I believe the gent also explained that non-musical plays were at a serious disadvantage in competing for theaters. There's simply more potential profit for a theater when it houses a musical, and that may be what's causing them to dominate. Or maybe playwrights just aren't writing plays. Whatever the cause, I'll be interested to see if it keeps up.

Raccoon Nation

Often on this website, I post photos that I take on my premises, usually shooting through a sliding glass door in the breakfast room. I'm in a highly urban area near no forests, no undeveloped areas. It has therefore been rather amazing how many creatures have turned up back there. Here's a convention that I captured on film CompactFlash card last evening…

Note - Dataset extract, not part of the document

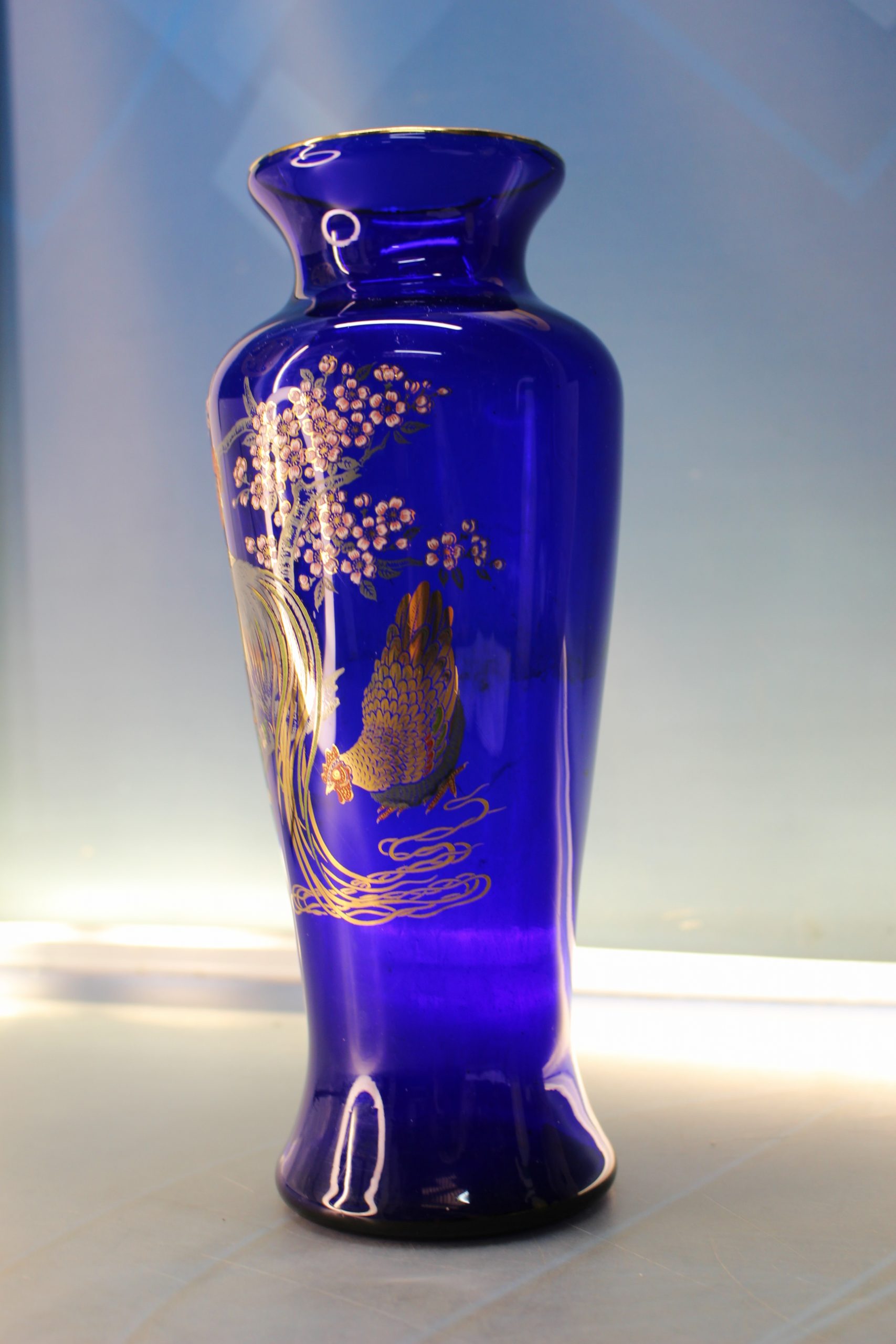 IMG_9339 Original jarrón oriental cristal azul cobalto con esmalte de gallo y cerezo. - Imagen 11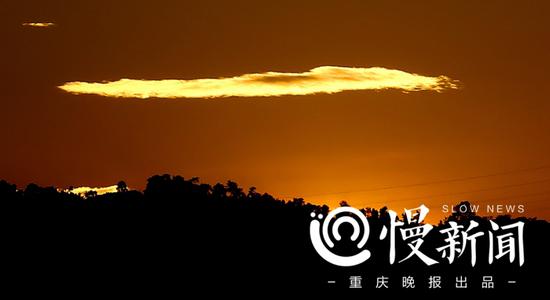 △5点39分,天空惊现宛若书法般的大写一字。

Gathered around a big dish of cat food the other evening on my back porch the other evening were six younger raccoon plus an adult, probably the mother. And I find it interesting to presume that the mother is one of the raccoons who can be seen at an earlier age in the earlier photos I posted. My friend Carolyn and I speculate that they live some distance from here and that when they get hungry, they trek on over here. The mother leads them, just as her mother once led her to my cat dish. It's like a rite of passage: "Come on, kids. You're old enough to go to the writer's house and eat Friskies Chef's Blend. Someday, you'll take your children there." And they will too, assuming I don't go broke buying cat food.

By the way, Friskies Chef's Blend is now advertising, "Now! Better Taste!" on its packaging. I have a feeling it's "New Coke" all over again. I really liked the old taste.

Presidential Churchgoing

Several folks, including Cory Strode and Pat O'Neill, remind me that for eight years, Bill and Hillary Clinton had absolutely no trouble going to a Methodist Church not far from the White House. But Ronald Reagan claimed he couldn't go to church because he was a danger to those around him. (To emphasize: I don't care if Reagan went to church. But I think he said a lot of things that were just as disingenuous as Clinton's famous "I did not inhale" and got a free pass for them.)

Chase

I should mention that a past August 28 was also the birthdate of another man who helped me a lot when I got into the comic book field, a lovely man named Chase Craig. Chase was the editor-in-chief for Western Publishing's Los Angeles office and as such was responsible for countless Dell and Gold Key Comics, including the Disney and Warner Brothers titles. If you enjoyed the work of Carl Barks or Russ Manning or Harvey Eisenberg or any of the folks who wrote and drew those comics, you were enjoying a comic book edited by Chase Craig. He set and maintained a very high standard, lowering it only to allow me to work for him for a few years there.  As I look over my dubious knowledge of how to write comics, I have to admit that I learned as much from Chase as from Jack.

Chase was born August 28, 1910 and passed away in December of 2001. Western's books rarely carried credits, and I'm not sure Chase's name ever appeared in any of the thousands of fine comics he supervised. But leaving aside his momentary lapse of hiring me, he deserves to be hailed as a very important person in the history of the medium.